Good Jobs First, a nonprofit organization that supports transparency in economic development deals, used these tax-abatement disclosures to examine their effect on school funding, specifically in St. Louis.

“Local governments in Missouri have complied with Statement 77 (unlike some other states), making it straightforward to track revenue lost to economic development tax breaks and compare among jurisdictions,” wrote Good Jobs First research analyst Anya Gizis in a new report. This allowed Gizis and two co-authors to compile financial disclosures from St. Louis Public Schools, plus 23 school districts from suburban St. Louis County, and compare the lost tax revenues in each.

“All told, St. Louis area schools lost at least $260.7 million to tax abatements in the six fiscal years 2017 through 2022,” the report found. Even this number is likely an undercount, as not every district submitted numbers for each of the six years.

St. Louis Public Schools (SLPS), the city’s school district, saw by far the biggest losses: $167.9 million over six years, nearly 65 percent of the countywide total. The report calculates a per-pupil loss of $1,634—a staggering amount for a district that spends an estimated $17,000 per student. According to the report, SLPS’s student body is also nearly 88 percent black, and 100 percent of students qualify for free or reduced-price meals due to low household income.

Meanwhile, the suburban Rockwood R-VI School District—whose students are 75 percent white and only 8.5 percent of whom qualify for reduced-price meals—only lost $2.2 million, a comparatively paltry funding loss of $18 per student.

The report posits that poor and minority students are most negatively affected by such abatement schemes. “On average, white students lose $179 per year, while Black students lose more than three times that—$610 per year,” its authors write. “After [SLPS], the second hardest-hit group of students are those with disabilities. The Special District of St. Louis County, which serves children with special needs residing in suburban districts, loses $1,148 per student per year.”

The report further breaks down the numbers by the types of economic subsidy programs that they supported. Of the $260.7 million in total lost revenue, $69.37 million went to tax-increment financing (TIF), including $64.18 million from SLPS alone.

New development projects tend to drive up property values, leading to an increase in property taxes.

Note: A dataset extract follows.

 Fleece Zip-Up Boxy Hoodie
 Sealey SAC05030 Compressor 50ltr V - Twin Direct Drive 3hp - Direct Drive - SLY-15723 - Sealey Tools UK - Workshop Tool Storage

But under TIF, the city or county government subsidizes the development by borrowing against that future higher revenue; local services that are funded through property taxes, like public schools, road maintenance, and police and fire departments, get none of the extra cash.

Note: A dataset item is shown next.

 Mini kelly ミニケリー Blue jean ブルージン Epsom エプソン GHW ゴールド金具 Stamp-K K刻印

The East-West Gateway Council of Governments, the local metropolitan planning organization, released a report in 2011 on the use of TIF in the St. Louis area. It found that the use of incentives like TIF “has been ineffective both as a way to increase regional sales tax revenue or to produce a significant increase in quality jobs.” It further found that “the use of TIF and other tax incentives, while positive for the incentive-using municipality, has negative impacts on neighboring municipalities.” In other words, cities and counties that use TIF steal jobs away from neighboring communities by incentivizing employers to move; jobs aren’t created, they’re just shifted around.

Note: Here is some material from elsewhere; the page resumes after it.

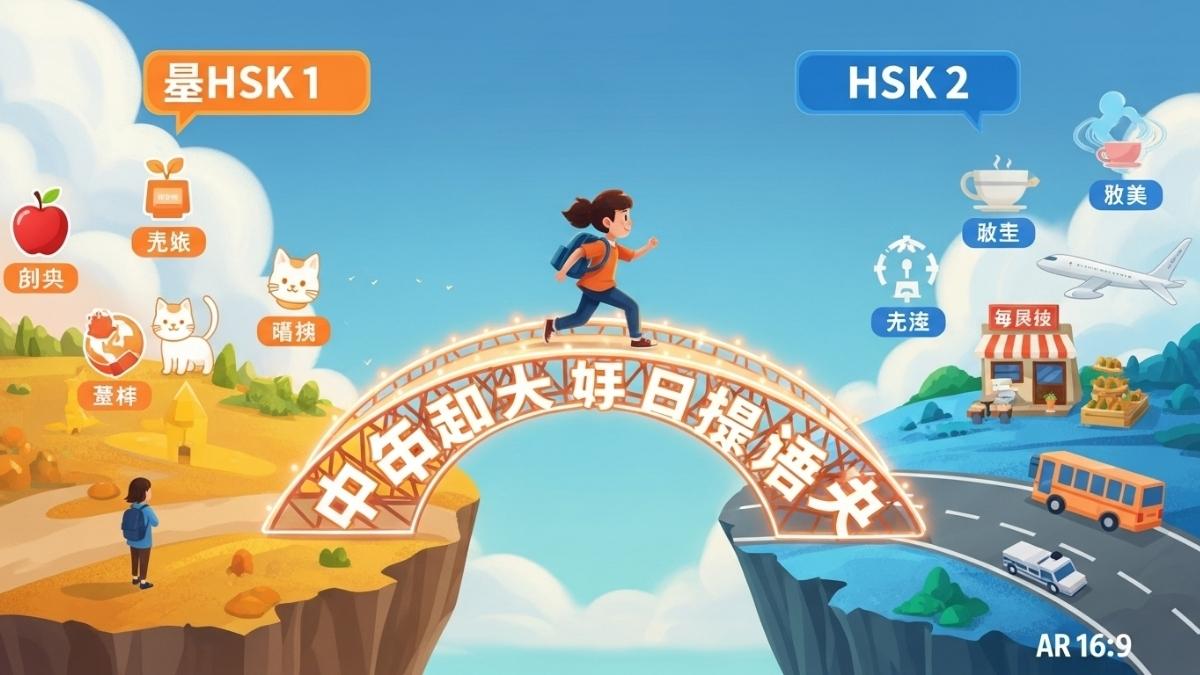 A student crosses a bridge made of HSK 2 Chinese characters, symbolizing the journey of learning Chinese from HSK 1 basics to HSK level 2 conversational skills with the Tan Viet Prime vocabulary list.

The Good Jobs First report includes several policy recommendations—for example, that “St. Louis Public Schools be given veto power or voting power on the St. Louis TIF Commission proportional to their share of TIF revenue,” allowing it to decide where that money gets spent. It also suggests that “every school district’s share of the property tax should simply be 100% shielded from abatements.”

A better idea would be to allow everyone to opt out: Taxpayers choose where to spend their money, private companies are responsible for funding their own development projects, and state and local governments stop meddling in the affairs of either.